Despite the fact that I am now twenty-three years old, while Colie is fifteen, I found myself really relating to her struggle. I was bullied almost constantly in middle in high school, though less for my weight and more for my shy, awkward personality. I was never what anyone would call “popular;” in fact, I saw myself as a social outcast for much of my teenage life. Colie’s struggle to make friends was painfully familiar to me; it reminded me of the years I’d spent eating lunch alone and praying to remain invisible. Like Colie, however, I eventually found my way, though my transformation from a “caterpillar to a butterfly” (used as a metaphor for both losing weight and gaining self-confidence throughout the novel) did not happen until I was halfway through college (Dessen, 1999, pp. 98 – 99).
The theme of earning self-confidence is not a particularly heavy or controversial issue, as with the themes of sex and consent in Judy Blume’s Forever, but I could still see this book helping immensely for a young teenage girl who can see herself in Colie. While boys could certainly enjoy this book (as the themes of bullying and self-esteem are almost universal), I feel that this book would do best in the hands of either a shy teenage girl or one who might not be the strongest reader. The language is simple, the metaphors clearly identified, and yet the message is strong: it is incredibly important to stand up for and love yourself, as you are the only one who can transform yourself into the person you want to be. Colie’s lack of confidence and self-esteem almost cause her to miss out on the chance to find romance and friendship; it is only after she is comfortable being herself that she finds happiness. This is an important lesson for young girls to learn, especially with pop culture and media constantly telling them that they have to look and act a certain way.

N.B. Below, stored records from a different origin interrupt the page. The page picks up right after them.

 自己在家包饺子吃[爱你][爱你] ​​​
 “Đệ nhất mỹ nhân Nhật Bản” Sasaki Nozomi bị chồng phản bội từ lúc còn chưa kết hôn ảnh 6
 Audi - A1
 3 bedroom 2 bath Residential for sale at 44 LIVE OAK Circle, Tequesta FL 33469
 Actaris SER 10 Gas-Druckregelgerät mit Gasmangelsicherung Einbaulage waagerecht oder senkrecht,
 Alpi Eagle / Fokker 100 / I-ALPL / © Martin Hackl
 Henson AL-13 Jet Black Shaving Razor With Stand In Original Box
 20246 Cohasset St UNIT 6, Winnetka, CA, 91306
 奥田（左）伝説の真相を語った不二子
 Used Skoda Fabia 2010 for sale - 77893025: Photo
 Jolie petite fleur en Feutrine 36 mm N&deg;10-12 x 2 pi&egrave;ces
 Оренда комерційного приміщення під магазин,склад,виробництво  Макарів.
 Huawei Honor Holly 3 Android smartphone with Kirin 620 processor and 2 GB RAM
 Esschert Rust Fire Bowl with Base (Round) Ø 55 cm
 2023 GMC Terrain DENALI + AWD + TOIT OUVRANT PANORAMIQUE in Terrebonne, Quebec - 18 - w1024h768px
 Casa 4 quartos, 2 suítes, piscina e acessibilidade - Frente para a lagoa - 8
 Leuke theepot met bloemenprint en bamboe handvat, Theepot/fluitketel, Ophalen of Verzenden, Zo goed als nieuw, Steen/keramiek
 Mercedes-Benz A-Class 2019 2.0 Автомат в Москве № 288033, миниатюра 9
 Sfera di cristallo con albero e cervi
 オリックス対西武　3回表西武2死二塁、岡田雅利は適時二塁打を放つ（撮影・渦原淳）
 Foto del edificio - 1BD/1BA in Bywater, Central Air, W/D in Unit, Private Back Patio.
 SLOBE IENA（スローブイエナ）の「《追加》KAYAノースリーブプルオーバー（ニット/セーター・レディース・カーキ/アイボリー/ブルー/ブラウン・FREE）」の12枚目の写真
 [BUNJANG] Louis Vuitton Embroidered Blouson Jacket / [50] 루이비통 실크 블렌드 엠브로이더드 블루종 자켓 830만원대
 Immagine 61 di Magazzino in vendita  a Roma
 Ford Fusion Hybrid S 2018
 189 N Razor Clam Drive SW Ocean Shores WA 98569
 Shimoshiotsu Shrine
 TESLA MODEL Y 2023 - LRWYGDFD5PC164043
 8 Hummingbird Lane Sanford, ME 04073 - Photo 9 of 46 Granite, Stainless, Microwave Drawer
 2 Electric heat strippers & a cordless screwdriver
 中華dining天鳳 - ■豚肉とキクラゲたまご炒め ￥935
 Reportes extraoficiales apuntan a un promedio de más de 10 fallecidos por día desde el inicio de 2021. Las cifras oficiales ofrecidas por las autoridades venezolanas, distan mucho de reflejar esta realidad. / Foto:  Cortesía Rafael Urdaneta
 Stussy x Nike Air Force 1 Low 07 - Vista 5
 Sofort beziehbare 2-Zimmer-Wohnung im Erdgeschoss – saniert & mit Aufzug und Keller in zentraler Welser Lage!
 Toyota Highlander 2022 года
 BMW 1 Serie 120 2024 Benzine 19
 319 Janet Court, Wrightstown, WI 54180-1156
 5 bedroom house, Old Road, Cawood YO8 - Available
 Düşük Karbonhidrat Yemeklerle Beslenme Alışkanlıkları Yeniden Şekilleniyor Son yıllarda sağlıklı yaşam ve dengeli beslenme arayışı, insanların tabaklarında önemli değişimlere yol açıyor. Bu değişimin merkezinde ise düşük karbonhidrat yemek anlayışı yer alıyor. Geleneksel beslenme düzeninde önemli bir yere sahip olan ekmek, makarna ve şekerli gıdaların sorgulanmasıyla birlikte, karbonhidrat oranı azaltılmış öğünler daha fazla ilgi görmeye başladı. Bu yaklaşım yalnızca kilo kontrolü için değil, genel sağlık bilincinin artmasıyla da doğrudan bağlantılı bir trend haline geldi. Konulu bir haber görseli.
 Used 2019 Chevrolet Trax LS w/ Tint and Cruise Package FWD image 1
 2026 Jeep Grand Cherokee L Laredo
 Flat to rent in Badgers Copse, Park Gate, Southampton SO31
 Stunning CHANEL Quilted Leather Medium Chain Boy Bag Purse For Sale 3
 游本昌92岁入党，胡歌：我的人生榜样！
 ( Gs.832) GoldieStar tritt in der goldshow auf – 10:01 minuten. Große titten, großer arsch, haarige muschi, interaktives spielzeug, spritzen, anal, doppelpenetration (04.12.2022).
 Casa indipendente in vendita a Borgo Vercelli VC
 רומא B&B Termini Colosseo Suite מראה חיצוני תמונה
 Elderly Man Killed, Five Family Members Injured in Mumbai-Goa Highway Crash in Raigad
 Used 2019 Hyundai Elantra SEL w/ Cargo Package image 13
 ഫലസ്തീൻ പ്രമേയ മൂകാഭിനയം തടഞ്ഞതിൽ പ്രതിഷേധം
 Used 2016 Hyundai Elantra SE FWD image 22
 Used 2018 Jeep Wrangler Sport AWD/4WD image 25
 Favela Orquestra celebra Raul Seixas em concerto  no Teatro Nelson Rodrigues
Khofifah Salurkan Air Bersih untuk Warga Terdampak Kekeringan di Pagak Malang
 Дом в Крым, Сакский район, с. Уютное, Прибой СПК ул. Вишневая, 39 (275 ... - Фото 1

I think the most important metaphor from the book can be found in the character of Colie’s aunt Mira, the eccentric artist who never lets the words of others get to her. Mira has a strange habit of collecting mismatched and slightly broken objects, leaving Colie to wonder why she doesn’t just use her inheritance money to buy things that actually work. Colie later realizes however, that this is all intentional; Mira sees untold value in the things that aren’t perfect: “For Mira, there were no lost causes. Everything, and everyone, had its purpose. The rest of the world, too often right, might have missed that” (1999, p. 119). As Mira herself states, “We’re all worth something” (p. 119). In fact, it takes Colie the entire novel to learn what her aunt knew all along; that nobody is perfect, and that everyone on earth holds worth despite that fact.
While this message is very different from that of Forever, both hold equally important value for teenage girls. I would absolutely recommend this to anyone struggling with issues of self-esteem, especially teenage girls. Navigating high school is hard enough without the constant pressure to be perfect, and I think Dessen hits the nail on the head with her portrayal of those insecurities we likely all held as teens. This is the absolute last time I will ever judge an author’s work before I get to know it; this book ended up being a rare gem that I would never have discovered if I hadn’t branched out to give it a shot.
Cart, M. (2010). Young adult literature: From romance to realism. Chicago: ALA.
Dessen, S. (1999). Keeping the moon. New York: Viking.
Keeping the Moon. (2000, Spring). The Horn Book Guide, 11, 93.